In the Matter of the Petition by August 17, 1992 ZION'S HOPE, INC. P. O. BOX 690909 Orlando, FL 32869-0909 Denial of Application for Second- Class Mail Privileges for "ZION'S FIRE" P. S. Docket No. 38/163 APPEARANCE FOR PETITIONER: George R. Grange, II, Esq. Robert J. Barlow, Esq. Gammon & Grange, P.C. 8280 Greensboro Dr., 7th Floor McLean, VA 22102-3807
APPEARANCE FOR RESPONDENT: Kenneth N. Hollies, Esq. Law Department United States Postal Service Rate Application Division Washington, DC 20260-1143
INITIAL DECISION
Pursuant to 39 C.F.R. § 954.8(b), Zion's Hope, Inc. ("Petitioner") has appealed from the denial by the Director, Office of Classification and Rates Administration ("Director") of Petitioner's re-entry application to change the second-class mail authorization of its publication Zion's Fire from that of a requester publication to that of a church pursuant to Domestic Mail Manual (DMM) § 423.212(d) which caused Respondent's denial of Petitioner's application to mail Zion's Fire at special second-class rates.
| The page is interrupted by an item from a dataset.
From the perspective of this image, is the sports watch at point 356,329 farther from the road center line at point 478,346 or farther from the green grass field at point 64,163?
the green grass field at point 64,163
The parties have submitted the matter for determination without an oral hearing on a written factual record consisting of a stipulation dated May 14, 1992, with the exhibits attached thereto. They have also filed proposed findings of fact, conclusions of law, briefs and reply briefs all of which have been considered in arriving at this decision.
FINDINGS OF FACT
1. On May 14, 1990, Petitioner filed an application to mail Zion's Fire as a second-class publication. In a decision signed on August 30, 1990, effective on June 14, 1990, Zion's Fire was granted second-class status as a requester publication. Petitioner is qualified for special bulk rates pursuant to DMM § 625.131. Since requester publications are not eligible for special second-class rates (DMM § 411.31), and since Petitioner seeks, pursuant to postal regulations, to avail itself of those special second-class rates, Petitioner filed an application on February 4, 1991, with the Postmaster in Orlando, Florida, to re-enter Zion's Fire as the publication of a church pursuant to DMM § 423.212(d). The application was forwarded to the Memphis Rates and Classification Center (RCC), which denied Petitioner's application on March 26, 1991. Thereafter, Petitioner timely effected its appeal which the RCC forwarded to the Director, OCRA, on April 15, 1991.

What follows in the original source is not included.